PROBLEM TO WORK ON:
Transcribe exactly the lines below that begin at the line with "A small wooden" and stop after the line with "unfurnished living room", leaving out every picture.

PROVIDED MATERIAL:

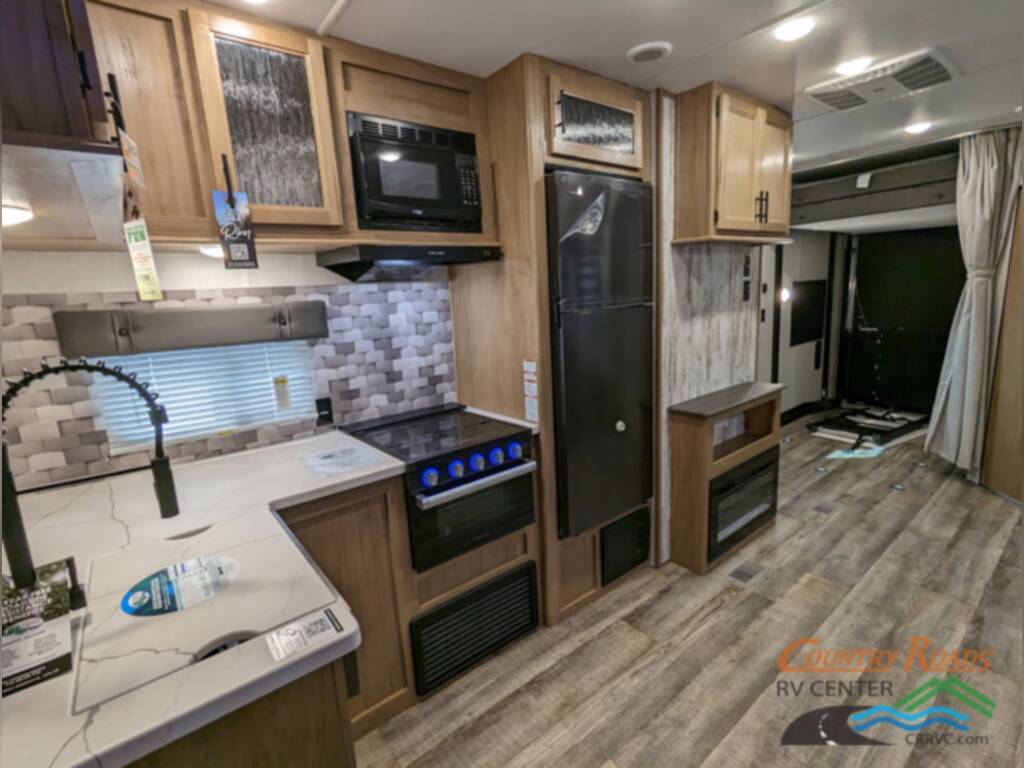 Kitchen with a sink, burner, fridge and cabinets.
...
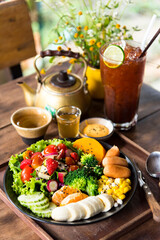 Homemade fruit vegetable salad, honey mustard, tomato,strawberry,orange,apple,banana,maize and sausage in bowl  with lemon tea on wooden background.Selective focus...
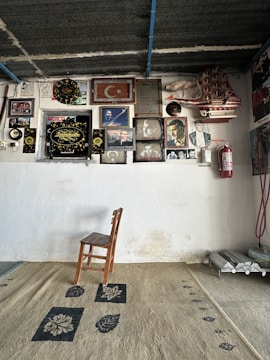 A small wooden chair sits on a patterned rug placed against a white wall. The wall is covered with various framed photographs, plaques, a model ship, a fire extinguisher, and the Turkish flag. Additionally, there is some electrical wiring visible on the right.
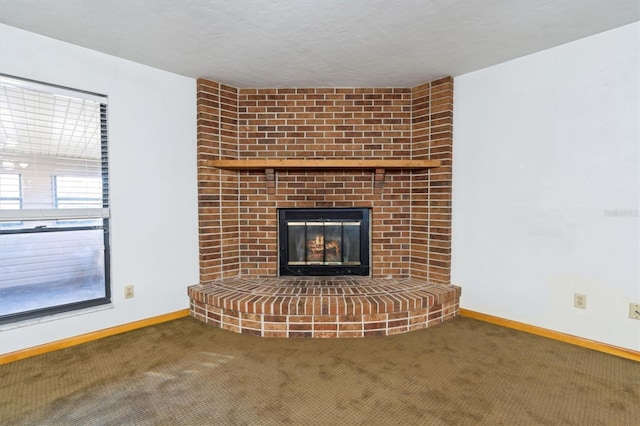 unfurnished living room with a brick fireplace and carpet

YOUR RESPONSE:
 A small wooden chair sits on a patterned rug placed against a white wall. The wall is covered with various framed photographs, plaques, a model ship, a fire extinguisher, and the Turkish flag. Additionally, there is some electrical wiring visible on the right.
 unfurnished living room with a brick fireplace and carpet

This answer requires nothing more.